Their first meeting was a blockbuster piece of diplomatic theatre criticised as light on substance. But with a second date stretching over two days, Donald Trump and Kim Jong Un must make real progress on denuclearisation, analysts say.
The historic handshakes and warm smiles of the Singapore summit in June last year heralded a sea change for two men who months earlier had been threatening each other with nuclear destruction.
The bonhomie continued in the following weeks, with Trump musing that he and Kim had fallen “in love”, and frequently trailing a second date.
Delivering his State of the Union on Tuesday, Trump said the time and place was set: Vietnam on February 27 and 28.
Analysts welcomed the news, but cautioned the meeting needed to achieve something more concrete than the vaguely-worded agreement they produced last time.
“What is critical… is that President Trump’s next meeting with Kim Jong Un goes beyond the pomp and circumstance of the first to achieve real steps toward denuclearisation,” said Bruce Klingner, a senior research fellow at the Heritage Foundation.
In Singapore, the inaugural summit between the leaders of two countries that never signed a peace deal after their 1950-53 war was brief — from 9am to 2pm.

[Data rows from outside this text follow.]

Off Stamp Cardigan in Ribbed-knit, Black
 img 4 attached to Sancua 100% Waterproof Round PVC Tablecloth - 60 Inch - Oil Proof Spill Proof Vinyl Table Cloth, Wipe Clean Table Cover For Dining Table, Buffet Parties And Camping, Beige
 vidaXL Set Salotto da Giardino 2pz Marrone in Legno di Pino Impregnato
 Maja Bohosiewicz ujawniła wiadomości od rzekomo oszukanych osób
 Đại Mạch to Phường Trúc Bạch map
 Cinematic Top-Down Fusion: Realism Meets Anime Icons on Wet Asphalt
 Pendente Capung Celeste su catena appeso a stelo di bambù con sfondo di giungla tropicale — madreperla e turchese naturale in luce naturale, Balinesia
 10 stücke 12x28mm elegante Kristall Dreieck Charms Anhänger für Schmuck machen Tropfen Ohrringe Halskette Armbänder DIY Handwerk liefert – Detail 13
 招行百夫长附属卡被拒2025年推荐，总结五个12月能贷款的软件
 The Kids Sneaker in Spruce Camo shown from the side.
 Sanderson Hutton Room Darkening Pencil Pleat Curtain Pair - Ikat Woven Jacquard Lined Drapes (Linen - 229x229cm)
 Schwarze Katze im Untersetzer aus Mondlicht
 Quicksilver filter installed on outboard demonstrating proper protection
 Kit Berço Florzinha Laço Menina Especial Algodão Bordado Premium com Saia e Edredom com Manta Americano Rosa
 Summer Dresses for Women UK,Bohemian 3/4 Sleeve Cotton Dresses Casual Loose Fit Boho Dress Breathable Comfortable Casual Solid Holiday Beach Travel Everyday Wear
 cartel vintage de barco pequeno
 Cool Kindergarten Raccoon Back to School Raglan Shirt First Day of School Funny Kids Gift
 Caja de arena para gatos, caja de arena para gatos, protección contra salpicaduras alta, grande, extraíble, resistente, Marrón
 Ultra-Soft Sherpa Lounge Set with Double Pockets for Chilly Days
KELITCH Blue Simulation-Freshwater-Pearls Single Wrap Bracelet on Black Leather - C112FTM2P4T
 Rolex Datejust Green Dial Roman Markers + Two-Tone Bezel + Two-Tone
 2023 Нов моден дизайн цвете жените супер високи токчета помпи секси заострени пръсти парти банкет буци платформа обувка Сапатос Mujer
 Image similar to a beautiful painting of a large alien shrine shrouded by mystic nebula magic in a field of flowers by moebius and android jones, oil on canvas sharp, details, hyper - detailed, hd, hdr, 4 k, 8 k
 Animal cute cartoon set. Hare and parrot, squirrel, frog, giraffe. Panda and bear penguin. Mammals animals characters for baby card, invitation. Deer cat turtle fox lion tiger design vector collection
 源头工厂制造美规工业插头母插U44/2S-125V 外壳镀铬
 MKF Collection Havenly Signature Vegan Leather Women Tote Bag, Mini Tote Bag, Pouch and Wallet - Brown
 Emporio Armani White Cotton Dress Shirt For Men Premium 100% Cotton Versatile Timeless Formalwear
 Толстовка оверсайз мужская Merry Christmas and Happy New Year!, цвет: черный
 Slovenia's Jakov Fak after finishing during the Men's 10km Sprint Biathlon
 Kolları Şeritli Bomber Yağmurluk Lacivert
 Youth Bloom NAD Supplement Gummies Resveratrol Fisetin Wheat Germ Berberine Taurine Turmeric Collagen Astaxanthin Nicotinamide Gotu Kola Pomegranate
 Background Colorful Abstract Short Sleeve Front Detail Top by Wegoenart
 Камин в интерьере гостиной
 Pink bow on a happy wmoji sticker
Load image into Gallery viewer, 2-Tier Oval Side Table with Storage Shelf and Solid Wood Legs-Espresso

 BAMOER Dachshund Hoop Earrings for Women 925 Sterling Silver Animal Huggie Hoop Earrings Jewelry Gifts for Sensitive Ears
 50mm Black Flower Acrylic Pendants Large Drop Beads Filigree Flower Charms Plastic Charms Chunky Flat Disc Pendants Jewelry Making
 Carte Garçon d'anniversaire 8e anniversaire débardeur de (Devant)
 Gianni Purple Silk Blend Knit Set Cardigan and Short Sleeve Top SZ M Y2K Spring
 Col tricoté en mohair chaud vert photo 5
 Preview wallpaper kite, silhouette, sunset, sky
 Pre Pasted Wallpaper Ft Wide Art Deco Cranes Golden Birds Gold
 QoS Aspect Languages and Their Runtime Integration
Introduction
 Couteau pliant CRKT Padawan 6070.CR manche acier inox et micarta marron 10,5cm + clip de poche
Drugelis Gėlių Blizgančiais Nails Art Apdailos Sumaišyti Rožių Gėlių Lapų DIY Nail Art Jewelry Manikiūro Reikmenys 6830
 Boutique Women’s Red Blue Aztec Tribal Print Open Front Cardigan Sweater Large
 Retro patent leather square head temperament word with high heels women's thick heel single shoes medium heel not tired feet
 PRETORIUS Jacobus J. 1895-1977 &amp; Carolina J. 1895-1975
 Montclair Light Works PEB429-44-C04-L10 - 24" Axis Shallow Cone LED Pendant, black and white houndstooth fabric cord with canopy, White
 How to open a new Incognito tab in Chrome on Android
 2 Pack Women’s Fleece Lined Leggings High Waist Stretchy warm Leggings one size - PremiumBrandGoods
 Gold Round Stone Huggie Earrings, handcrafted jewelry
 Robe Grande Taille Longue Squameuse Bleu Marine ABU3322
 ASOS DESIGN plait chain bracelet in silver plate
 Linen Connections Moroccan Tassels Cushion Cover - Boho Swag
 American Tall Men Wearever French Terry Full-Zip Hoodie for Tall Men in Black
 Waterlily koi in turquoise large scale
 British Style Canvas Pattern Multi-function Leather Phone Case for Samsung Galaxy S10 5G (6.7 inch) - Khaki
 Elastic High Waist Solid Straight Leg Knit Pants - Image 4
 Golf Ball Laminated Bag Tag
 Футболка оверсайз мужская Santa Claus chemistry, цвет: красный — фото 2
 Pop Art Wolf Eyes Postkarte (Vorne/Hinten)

A short pronouncement — little more than a page in which Kim pledged to work towards the “denuclearisation of the Korean peninsula” — was leapt on by critics as impossibly vague.
Pyongyang wants relief from punishing UN sanctions and rejects demands for what it calls its “unilateral” disarmament.
Washington insists that the measures must stay in place until North Korea gives up its nuclear arsenal.
Cheong Seong-jang, a researcher at the Sejong Institute, said the two days scheduled for the end of February will provide the leaders with “sufficient time” to work out just what the contentious term “denuclearisation” means.
For Trump, staying overnight signals he is willing to spend more time pushing Kim towards giving up his weapons, said Shin Beom-cheol, an analyst at the Seoul-based Asan Institute of Policy Studies.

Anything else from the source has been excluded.